In Australia, two out of every five companies in the index has been cutting dividends. Total dividends paid out have dropped to $18.6bn which, on Janus Henderson's numbers, represents the lowest pay out in US dollar terms since Q3 2010. Underlying, the decline was -5.9%.

It is Janus Hendersons' assessment that Australian companies have the lowest dividend cover in the world among the bigger economies. The direct consequence of this is that when the economy lands in a rough patch, corporate profitability goes backwards and without a sufficient buffer, those dividends cannot be maintained.

In similar vein, income investors in China feel more pain in the short term when economic adversity hits due to the fact that many companies in China have adopted a fixed payout-ratio policy.

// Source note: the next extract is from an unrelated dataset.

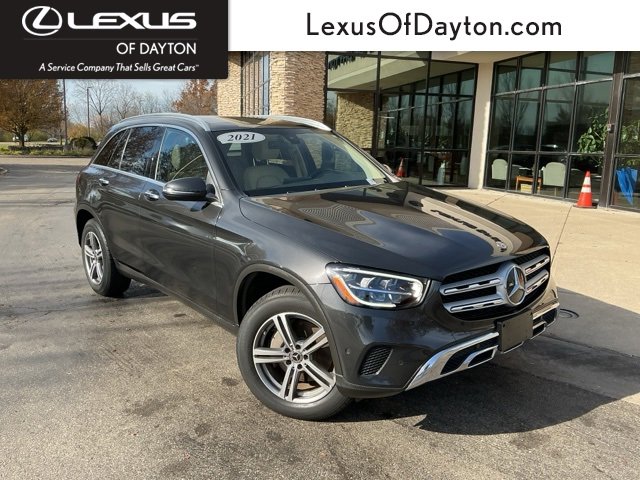 Used 2021 Mercedes-Benz GLC 300 4MATIC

Outside Australia, reports Janus Henderson, growth in dividends is slowing. The deceleration started in Q2 this year, continued in Q3 and is likely to slow further in 2020 as the global economic environment remains challenging. For the whole of calendar year 2019, Janus Henderson is sticking by its estimate that US$1.43trn will be paid out to shareholders globally. This would mark an increase at the headline of 3.9%, but underlying growth looks more like 5.4%.

While this is down from 8.5% underlying growth in 2018, it will still mark the tenth consecutive year of underlying growth in global dividends. Janus Henderson doesn't seem too worried about 2020, forecasting further slowing, but still growth in global dividends.

No specific forecast was given for Australia, but I think we can safely predict the picture for income investors in ASX-listed companies continues to look treacherous.